Monteiro, de Avelar, freguesia portuguesa do concelho de Ansião, distrito de Leiria, centro de Portugal, veio para o Brasil depois do grande terremoto que destruiu a cidade de Lisboa, no ano de 1755. Embarcou para a Capitania do Ceará (Brasil Colonial), fugindo das perseguições religiosas promovidas pelo poderoso primeiro ministro português Marquês de Pombal (Sebastião José de Carvalho e Melo, 1699-1782), durante o reinado de D. José I (1750-1777), conhecido na história como período “Pombalino”. Marquês de Pombal - responsável pelo projeto da reconstrução de Lisboa e um dos responsáveis pela expulsão dos jesuítas de Portugal foi também perseguidor implacável e cruel, dos cristãos novos.

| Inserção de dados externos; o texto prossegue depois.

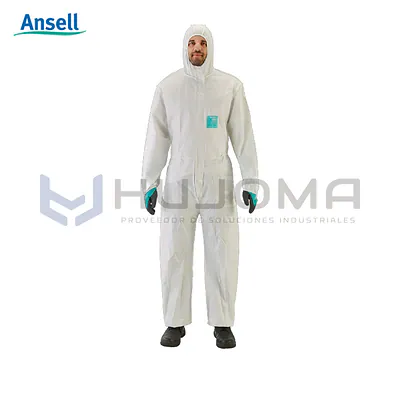 Traje AlphaTec 2000 COMFORT Bound Modelo 129 Ansell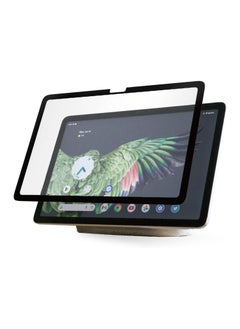 Detachable Paperfeel screen protector for Google Pixel Tablet 2023, reusable nanotechnology, easy to install and remove, anti-glare, drawing and sketching like on paper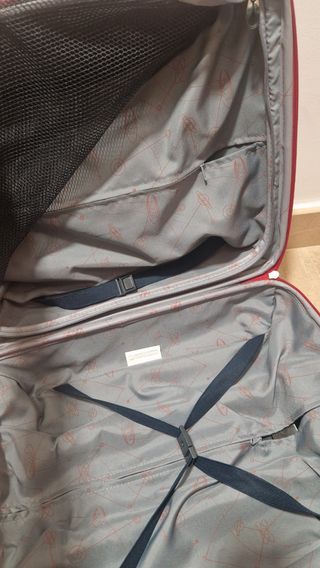 Maleta de cabina Samsonite Roja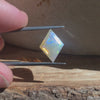 4.19ct Diamond Shape Faceted Australian Opal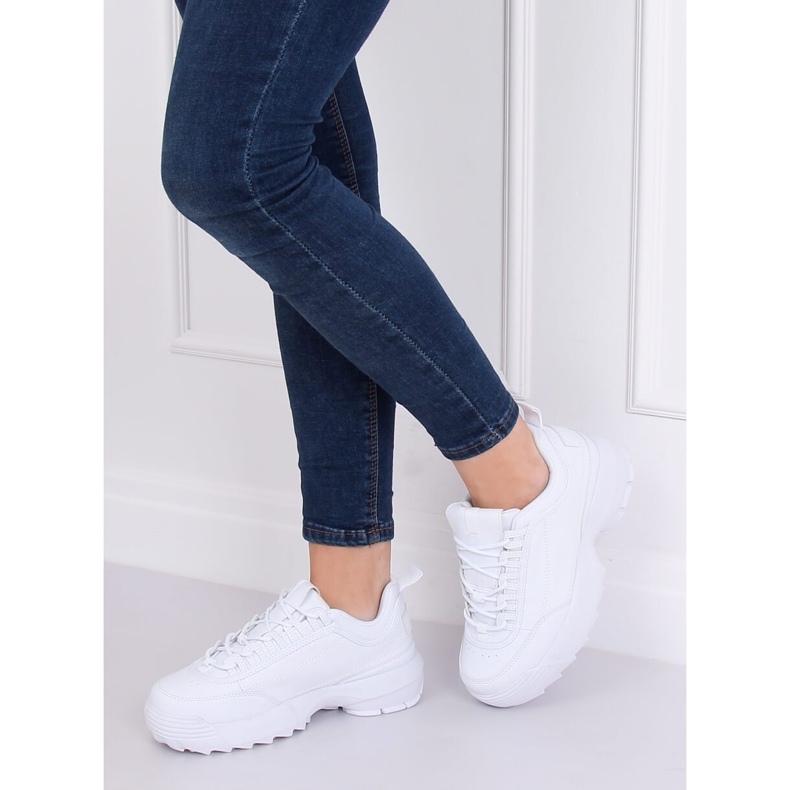 Fehér DSC81-2 Fehér sportcipő 2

Monteiro, cristão novo, trouxe na mala - presente de sua mãe - uma imagem de Nossa Senhora da Guia, padroeira de Avelar e dos Navegantes, para que o protegesse durante a viagem ao Brasil. A imagem de Nossa Senhora da Guia, do século XVIII, de Avelar, Portugal, guia e protege até hoje a Família PAULA. Está sob a guarda da Família Paula Ventura, herdeiros do memorial de Maria Margarida de Paula Ventura, irmã do meu pai Luiz Gonzaga, filhos de João Batista de Paula e Sara do Carmo Paula, bisnetos do português Monteiro. João Batista e Sara eram primos legítimos. O território do atual estado do Ceará, no Brasil Colônia, era dividido em lotes. Monteiro, não se sabe o porquê e o que o levou a região, fixou residência no lote compreendido da foz do Rio Jaguaribe à foz do Rio Mundaú, região habitada pelos índios Cariris. Monteiro, amigo da tribo, recebeu de presente uma esposa índia. A jovem - é o que dizem na família - era uma menina e não queria se casar. Tentou fugir. Foi laçada e amarrada no lombo de um burro. Tiveram uma única filha, de nome Maria Monteiro (apelidada de Vovó Coração) que casou com o comerciante José do Carmo Ferreira Chaves, da cidade de Quixadá, interior do Ceará. Tiveram cinco filhos: Maria Carminda, Maria do Carmo, José do Carmo, Enéas do Carmo e Arthur do Carmo. Maria Carminda, a filha mais velha, casou-se com José Ferreira de Paula Filho e tiveram seis filhos. O mais novo da prole, João Batista de Paula (o Batista da Light), meu avô paterno, nasceu na cidade de Quixadá/CE, no dia 26 de março de 1895 e faleceu aos 71 anos de idade, no ano de 1966. Batista, era assim que gostava de ser chamado, foi o meu avô amado. Nunca nos abandonamos e vez por outra, aparece de estrela e guia, no coração do meu corpo espiritual.